It should be noted that, because the continuous injection parameters of the citric acid are known and set in advance, under the condition that the input flow rate and the output flow rate are not matched, the system can be self-checked to determine the cause of the abnormality and perform self-adaptive adjustment, for example, when the protection chip determines that the input flow rate is the same as the preset value, the dropping speed of the dropping kettle 10 can be determined to be normal, the unmatched cause is that the rotating speed of the infusion pump 20 is too fast or too slow, the rotating speed of the infusion pump 20 can be adjusted by the control chip, so that the input flow rate is matched with the output flow rate, and if the input flow rate still cannot be matched after being adjusted for a plurality of times, the operation of the infusion pump 20 is stopped and the alarm is performed; for another example, when the protection chip determines that the output flow rate is matched with the preset injection flow rate, the reason for the mismatch can be determined to be that the dropping speed of the drip cup 10 is too fast, and the drip speed of the drip cup 10 is usually controlled by a human hand, so that an alarm can be directly given to ensure the safety of injection.

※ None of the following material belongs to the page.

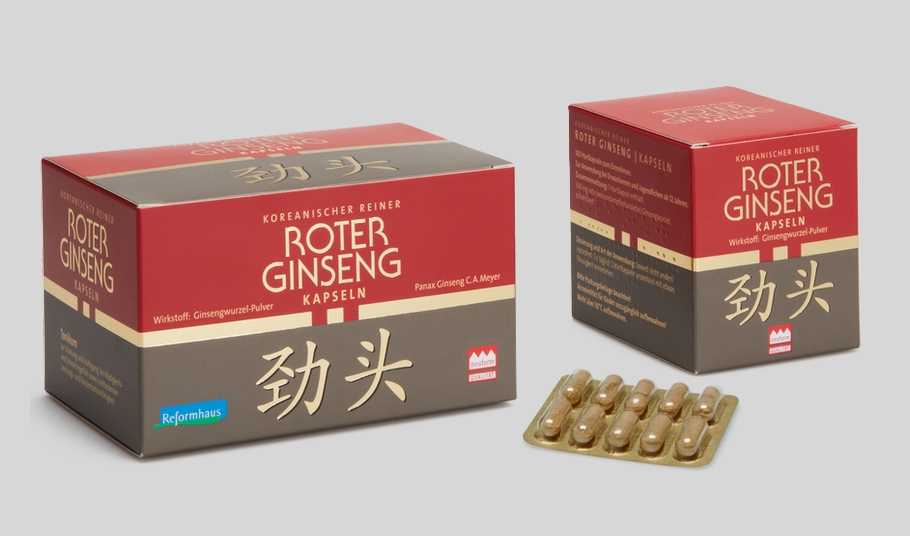 KGV Roter Ginseng Wurzelpulver Kapseln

It should be noted that, according to the technical scheme of this embodiment, the protection chip can be according to the input velocity of flow and output velocity of flow of citric acid short-term test annotate liquid unusual to respond in time, effectively improve the detection efficiency and the precision of citric acid injection system, ensure annotate liquid safety.

In addition, in an embodiment, referring to fig. 1 and 5, the drip speed detection device includes:

the signal source module comprises a first infrared emission tube 41 and a first infrared receiving tube 51, the first infrared emission tube 41 and the first infrared receiving tube 51 are respectively positioned on two opposite sides of the drip cup 10, the emergent direction of the first infrared emission tube 41 and the incident direction of the first infrared receiving tube 51 are parallel to the liquid level of citric acid of the drip cup 10, and the first infrared receiving tube 51 is used for receiving infrared light emitted by the first infrared emission tube 41 and generating a first receiving signal;

the signal processing module comprises a dropping speed detection receiving module 52 and a square wave output module, the dropping speed detection receiving module 52 comprises a first voltage comparator 54, the first voltage comparator 54 is connected with the first infrared receiving tube 51, the first voltage comparator 54 outputs a voltage comparison signal according to the amplitude of the first receiving signal and a first reference voltage value, the square wave output module is used for outputting dropping speed information to the protection chip, and the dropping speed information is a counting square wave signal generated by the square wave output module according to the voltage comparison signal.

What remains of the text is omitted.